*Stored data*
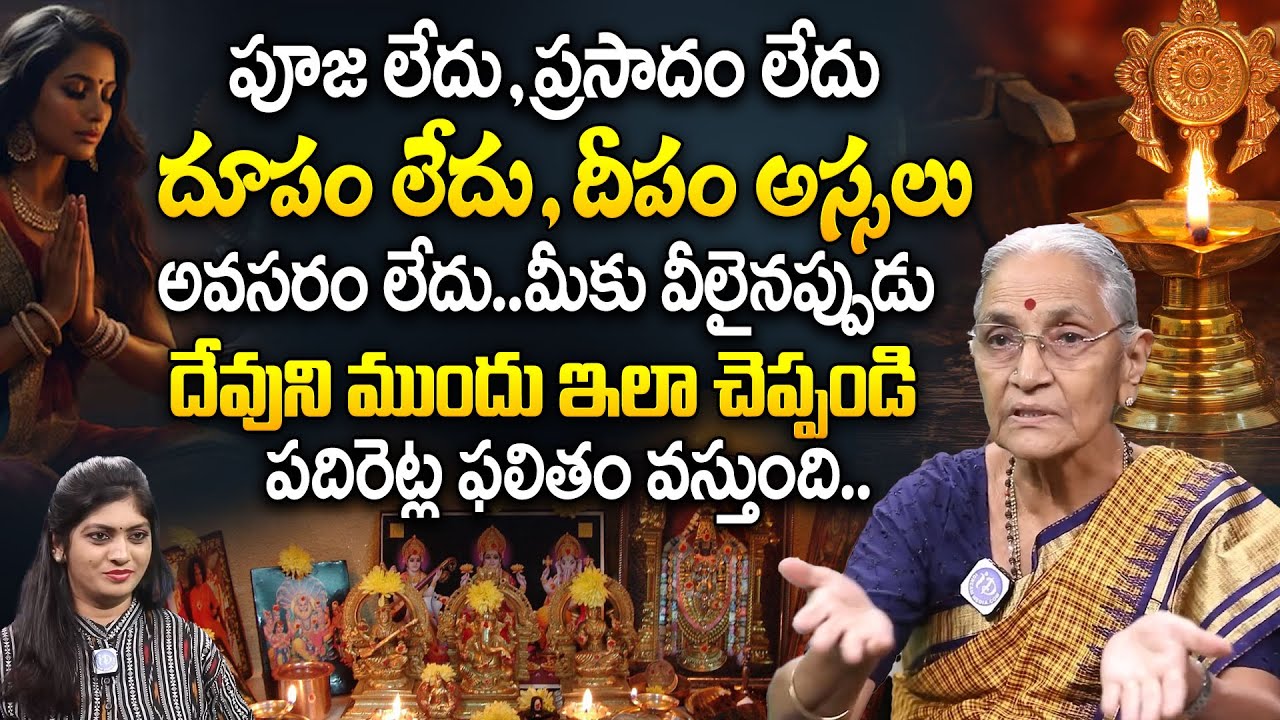 నిత్యపూజలో, దీపారాధనలో 100లో 99మంది చేసే పొరపాట్లు ఇవే! | Dharmasandehalu | Anantha Lakshmi | iDream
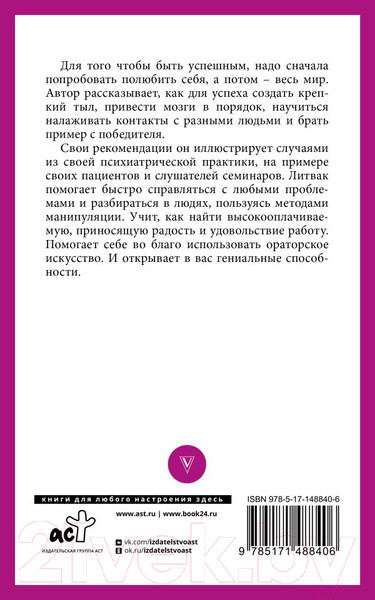 Изображение товара Книга АСТ Практики психологии. Как добиться успеха (Литвак М.Е.)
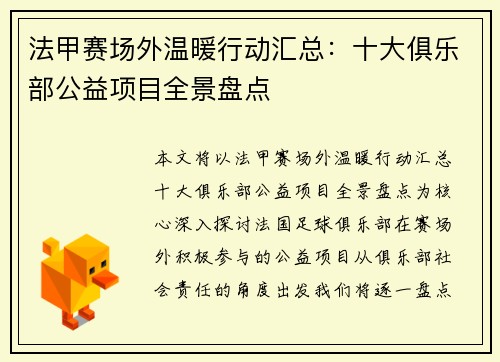 法甲赛场外温暖行动汇总：十大俱乐部公益项目全景盘点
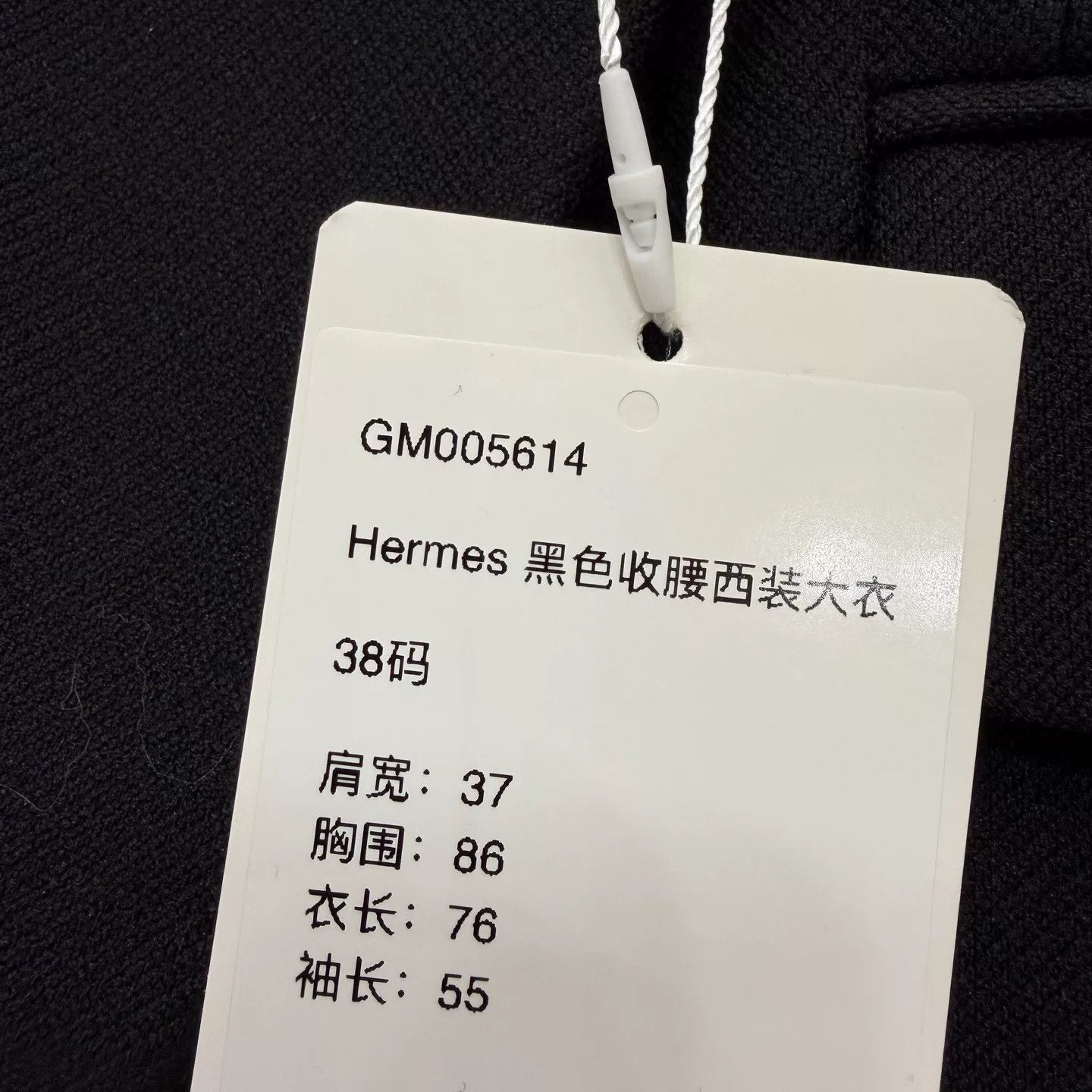 Hermes Hermes Black Wool V-Neck Blazer Coat Size US S / EU 44-46 / 1 - 7 Thumbnail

*What to produce*
The data is to be restated word for word, with any pictures set aside.

*Expected output*
 నిత్యపూజలో, దీపారాధనలో 100లో 99మంది చేసే పొరపాట్లు ఇవే! | Dharmasandehalu | Anantha Lakshmi | iDream
 Изображение товара Книга АСТ Практики психологии. Как добиться успеха (Литвак М.Е.)
 法甲赛场外温暖行动汇总：十大俱乐部公益项目全景盘点
 Hermes Hermes Black Wool V-Neck Blazer Coat Size US S / EU 44-46 / 1 - 7 Thumbnail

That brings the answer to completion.